*** Opening Information provided ***

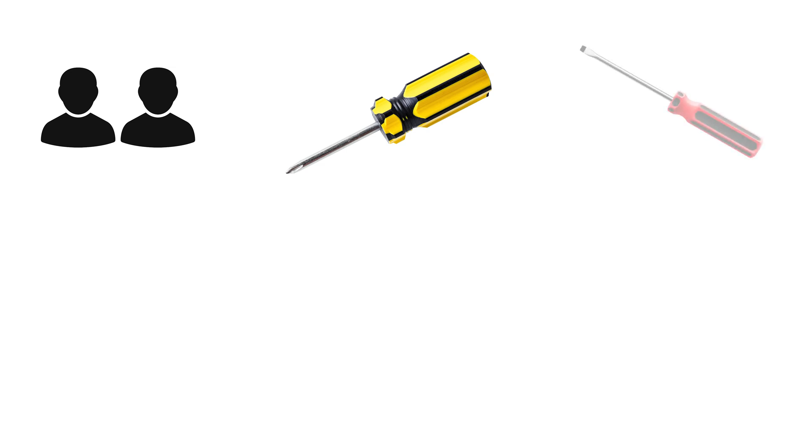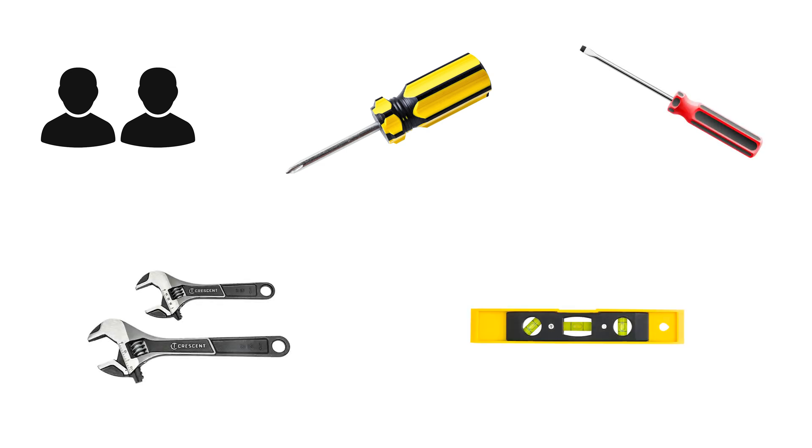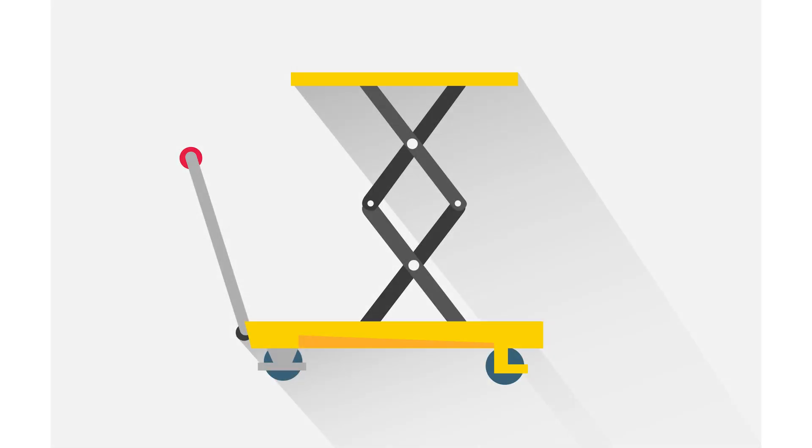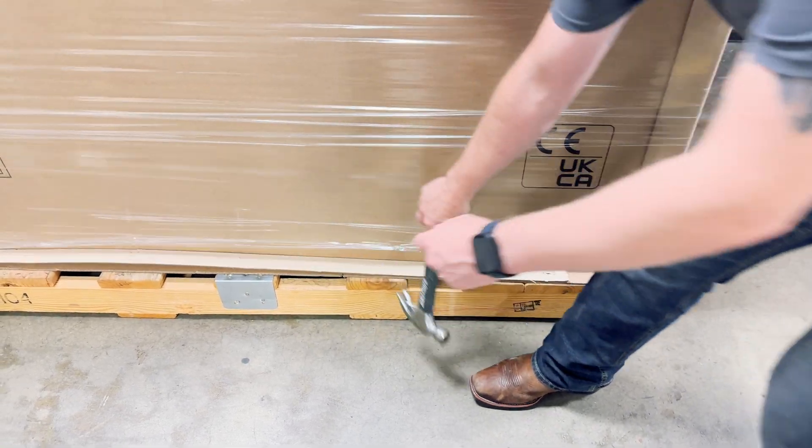You'll need a minimum of two people, a number two Phillips screwdriver, a flathead screwdriver, two adjustable wrenches, a level, and a hydraulic table. Begin by removing the exterior cardboard box from the BSC pallet.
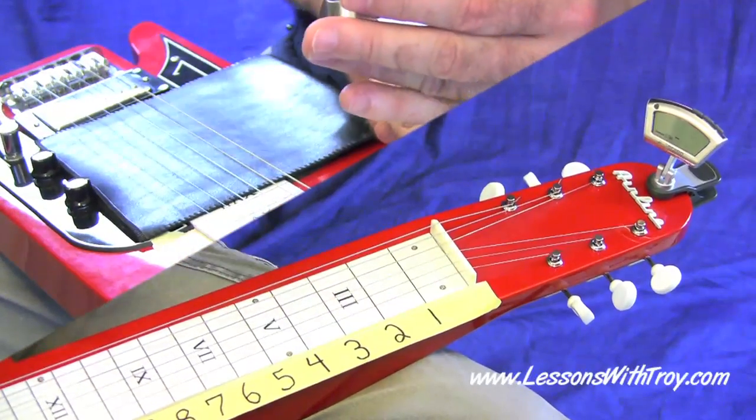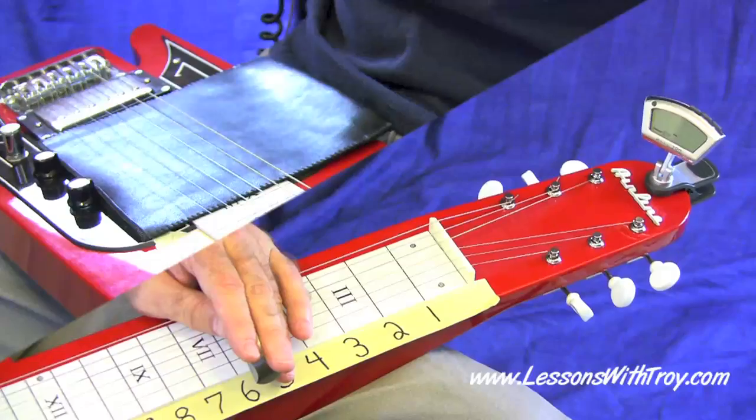So let's go ahead and check out the tablature and we'll move on through this lesson.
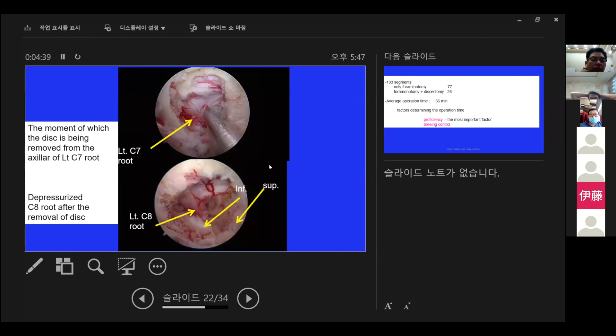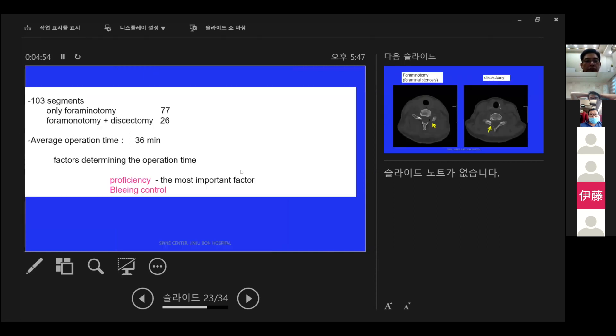This picture shows the moment when the disc is being removed from the axilla of the left C7 root. The picture below shows the decompressed C8 root after disc removal. Over 103 cases, 77 had unilateral foraminotomy alone, while 26 had both foraminotomy and discectomy. Average operation time was 36 minutes. The most important factor determining operation time is proficiency, followed by bleeding control.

*** Closing Information provided ***

Excluding pictures, copy exactly the lines from the line containing "So let's go" through the last line of the data, inclusive.

• Reply to the exercise
So let's go ahead and check out the tablature and we'll move on through this lesson.
This picture shows the moment when the disc is being removed from the axilla of the left C7 root. The picture below shows the decompressed C8 root after disc removal. Over 103 cases, 77 had unilateral foraminotomy alone, while 26 had both foraminotomy and discectomy. Average operation time was 36 minutes. The most important factor determining operation time is proficiency, followed by bleeding control.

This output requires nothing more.